§ **Provided data**
________________________________________

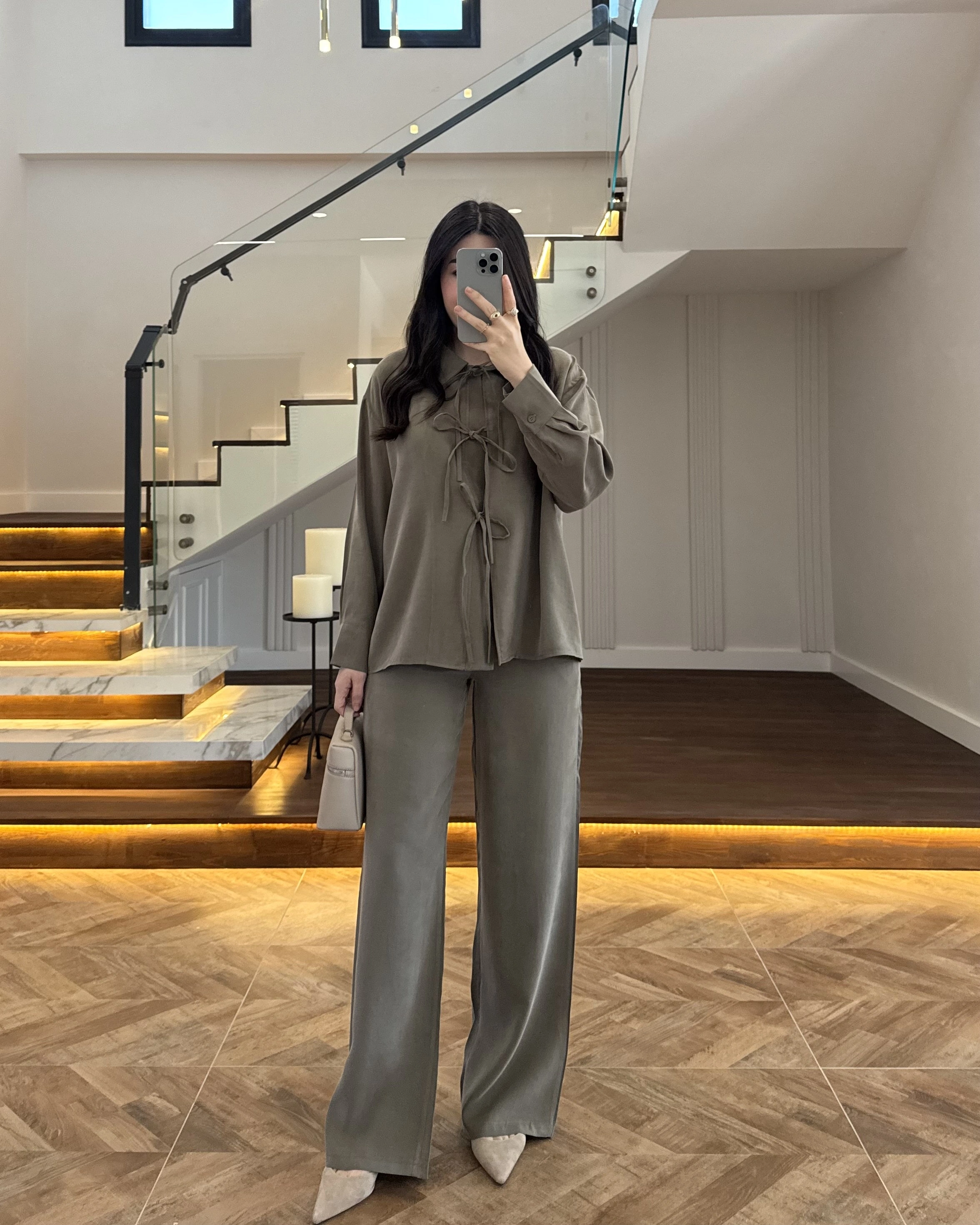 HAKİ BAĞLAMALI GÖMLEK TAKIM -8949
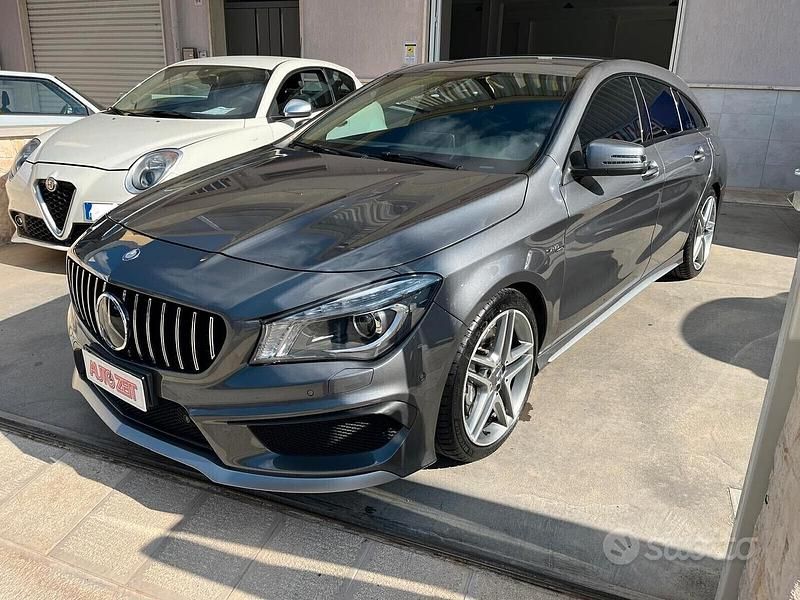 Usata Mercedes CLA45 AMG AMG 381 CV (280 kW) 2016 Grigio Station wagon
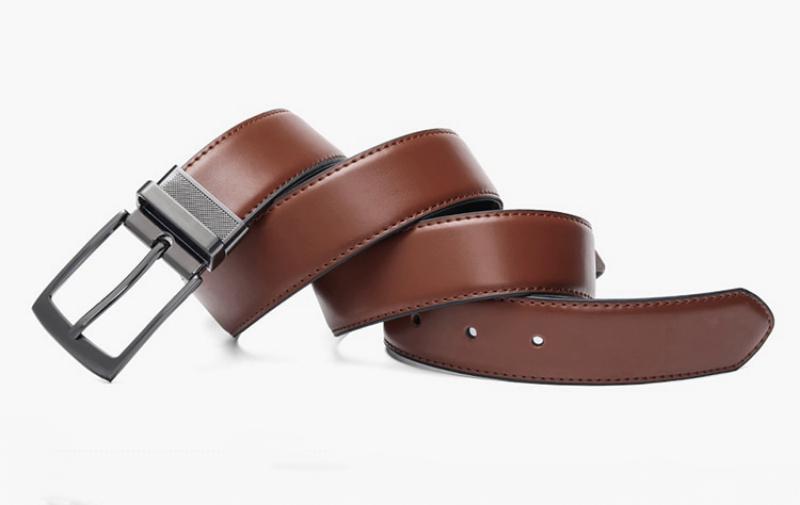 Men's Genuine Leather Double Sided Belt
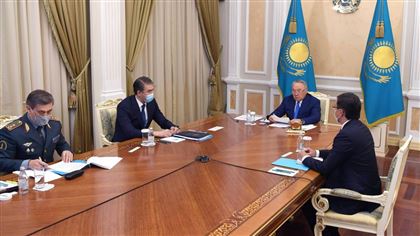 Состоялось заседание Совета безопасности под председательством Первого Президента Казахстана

________________________________________

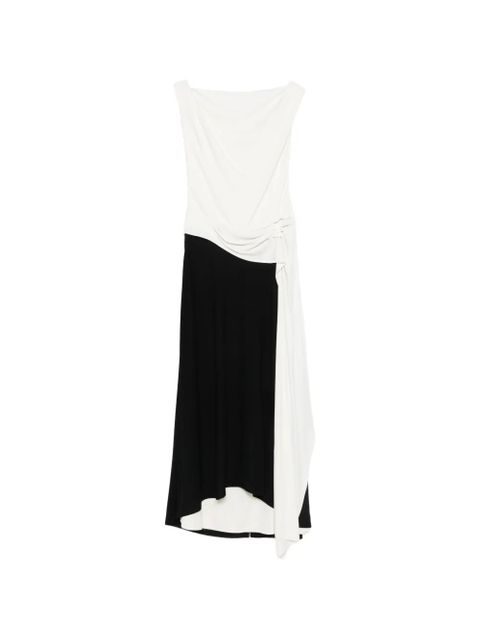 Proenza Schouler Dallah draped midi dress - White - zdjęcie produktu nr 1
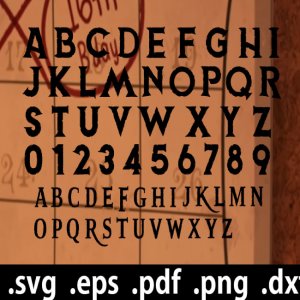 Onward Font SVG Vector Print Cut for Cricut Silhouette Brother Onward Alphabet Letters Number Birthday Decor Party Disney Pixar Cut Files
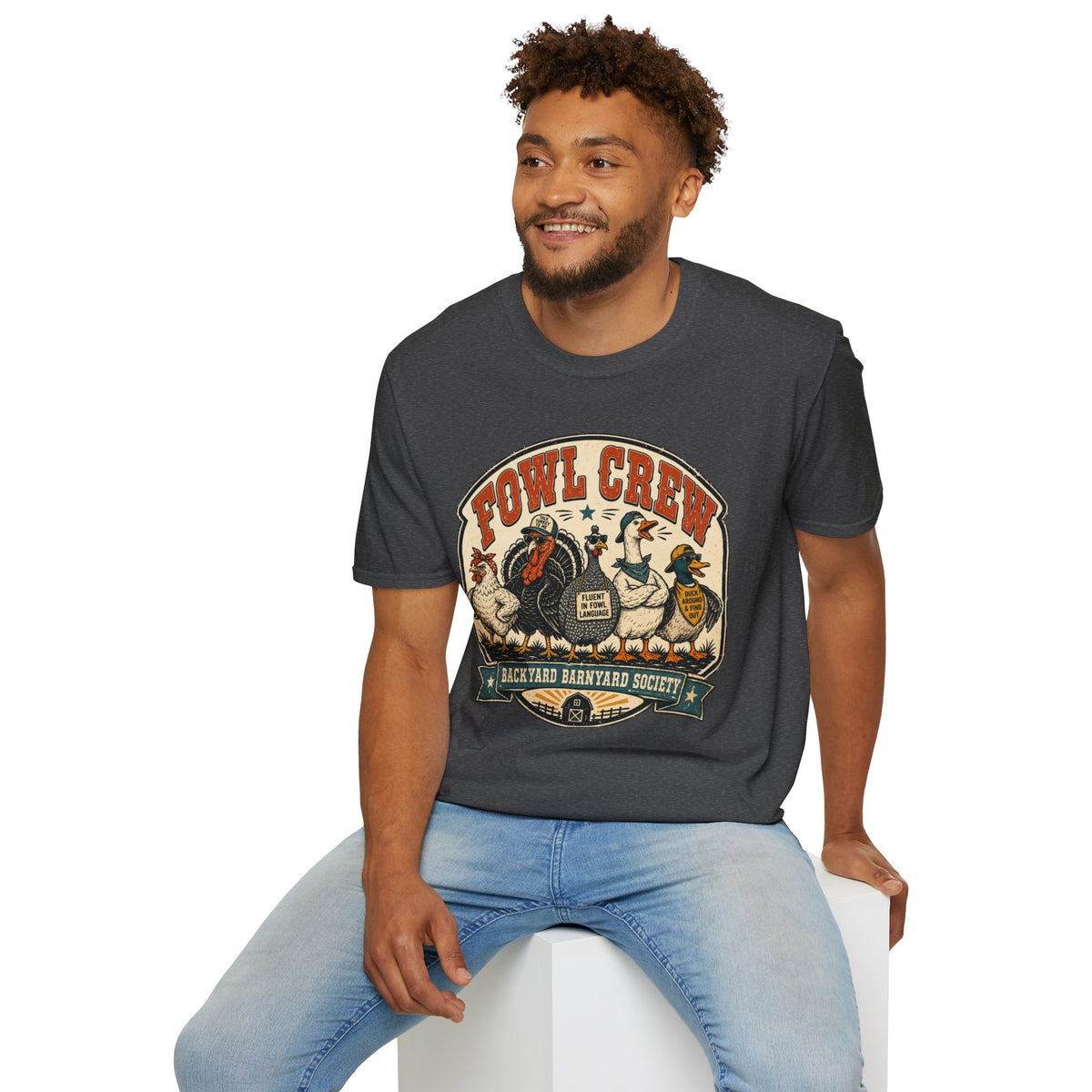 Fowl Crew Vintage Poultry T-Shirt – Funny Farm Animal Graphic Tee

________________________________________

Using the entries above, repeat exactly the lines from the one with "Proenza Schouler Dallah" to the one with "Fowl Crew Vintage", both included, and leave the pictures behind.

 Proenza Schouler Dallah draped midi dress - White - zdjęcie produktu nr 1
 Onward Font SVG Vector Print Cut for Cricut Silhouette Brother Onward Alphabet Letters Number Birthday Decor Party Disney Pixar Cut Files
 Fowl Crew Vintage Poultry T-Shirt – Funny Farm Animal Graphic Tee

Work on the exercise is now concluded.